* **Exercise aim**
Reproduce all of the entries character for character, while leaving out any pictures they contain.

[Image-text web data]
==========

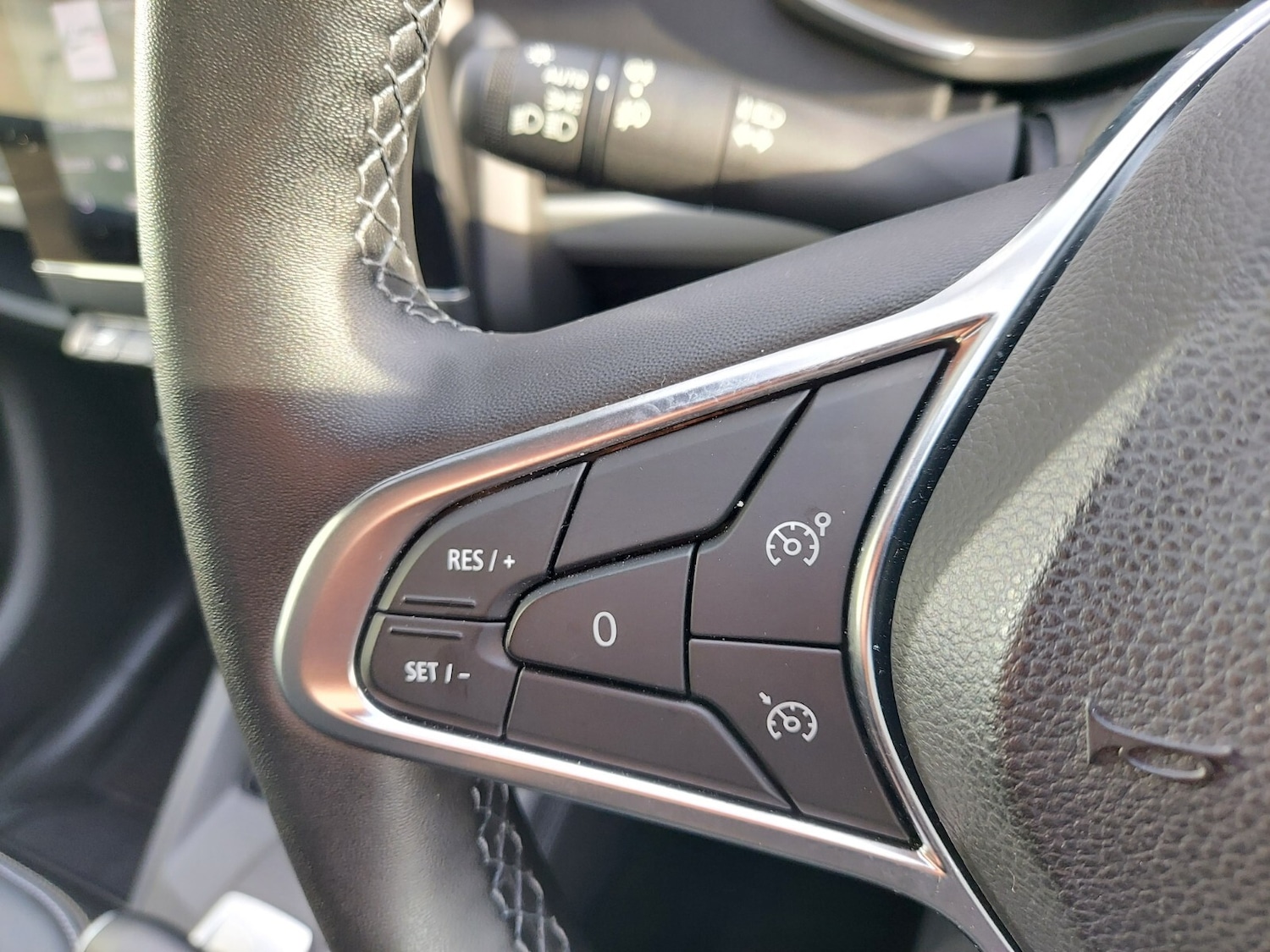 Used Renault Zoe 2023 for sale - 76868684: Photo 29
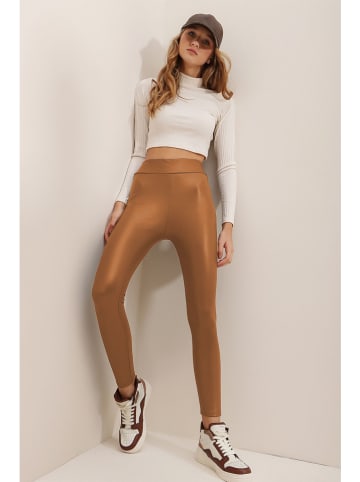 Trend Alacati Legginsy w kolorze jasnobrązowym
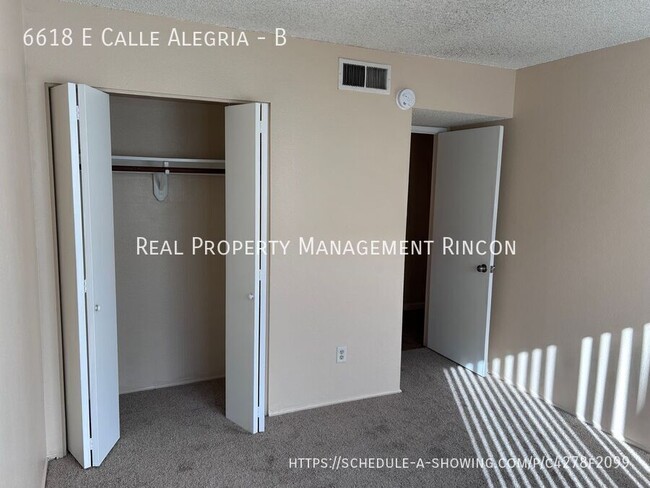 Building Photo - 6618 East Calle Alegria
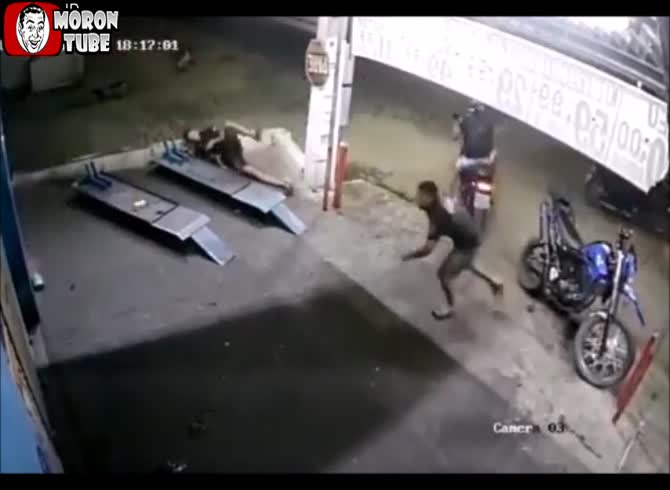 Video :Brazil - a guy survives several gunshot wounds to the skull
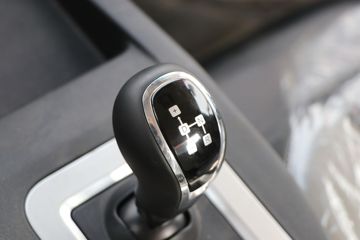 �й�����HOWO ���� 140���� 4.15��AMT�Զ������������ῨͼƬ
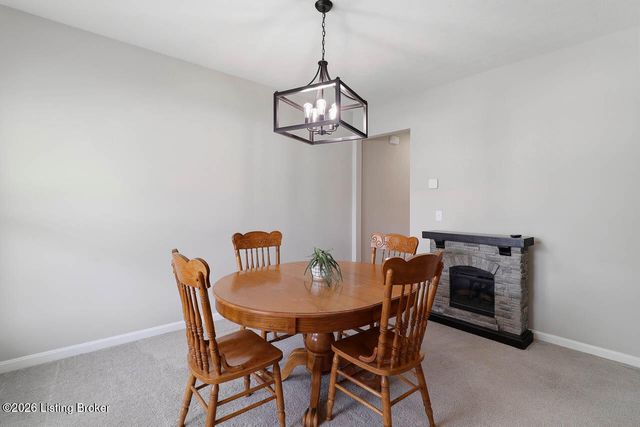 1924 Martingale Ln, Louisville, KY 40245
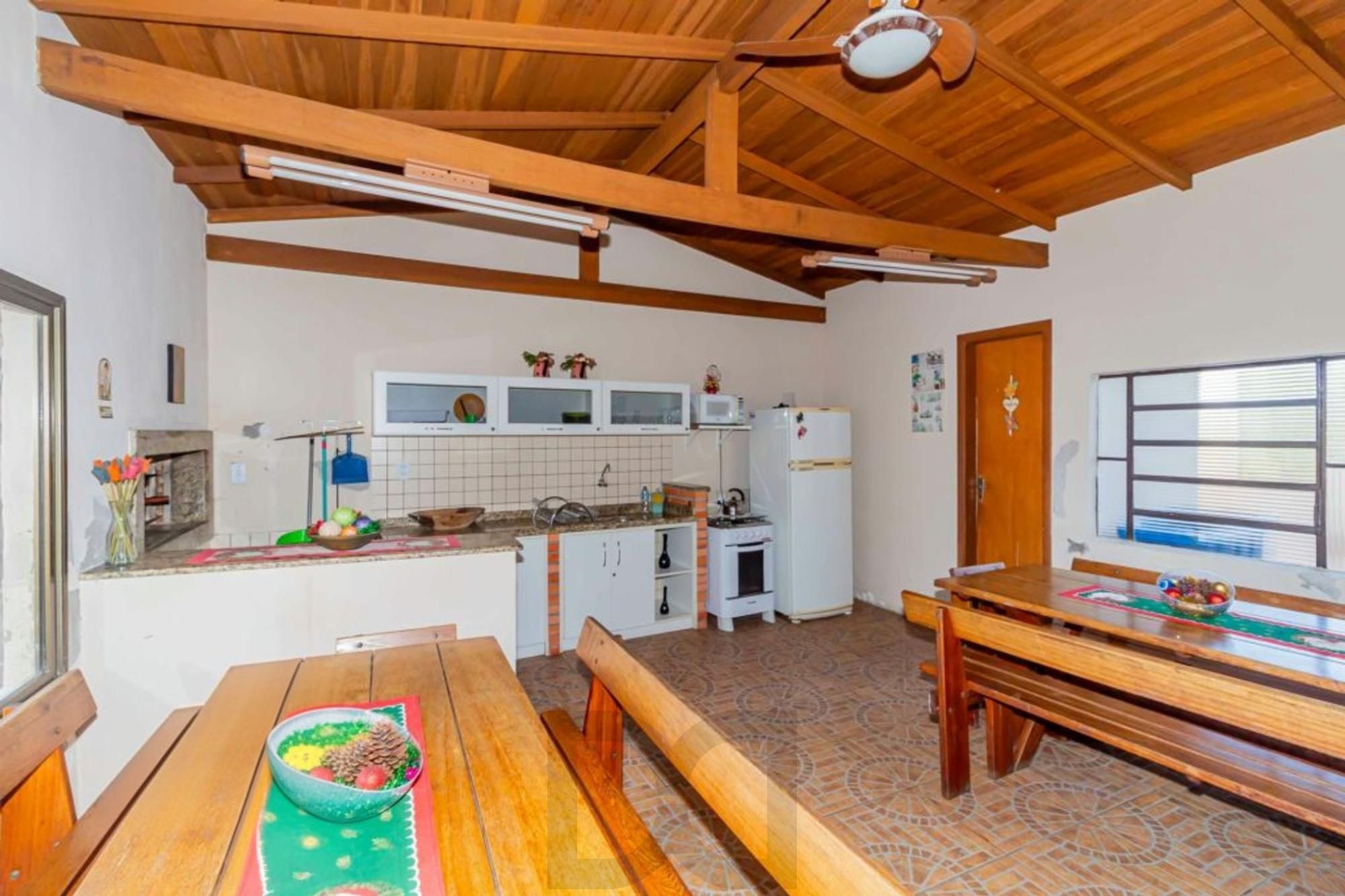 Apartamento com 2 quartos, elevador semi mobiliado no bairro Floresta. — foto 34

==========

* **Written solution**
 Used Renault Zoe 2023 for sale - 76868684: Photo 29
 Trend Alacati Legginsy w kolorze jasnobrązowym
 Building Photo - 6618 East Calle Alegria
 Video :Brazil - a guy survives several gunshot wounds to the skull
 �й�����HOWO ���� 140���� 4.15��AMT�Զ������������ῨͼƬ
 1924 Martingale Ln, Louisville, KY 40245
 Apartamento com 2 quartos, elevador semi mobiliado no bairro Floresta. — foto 34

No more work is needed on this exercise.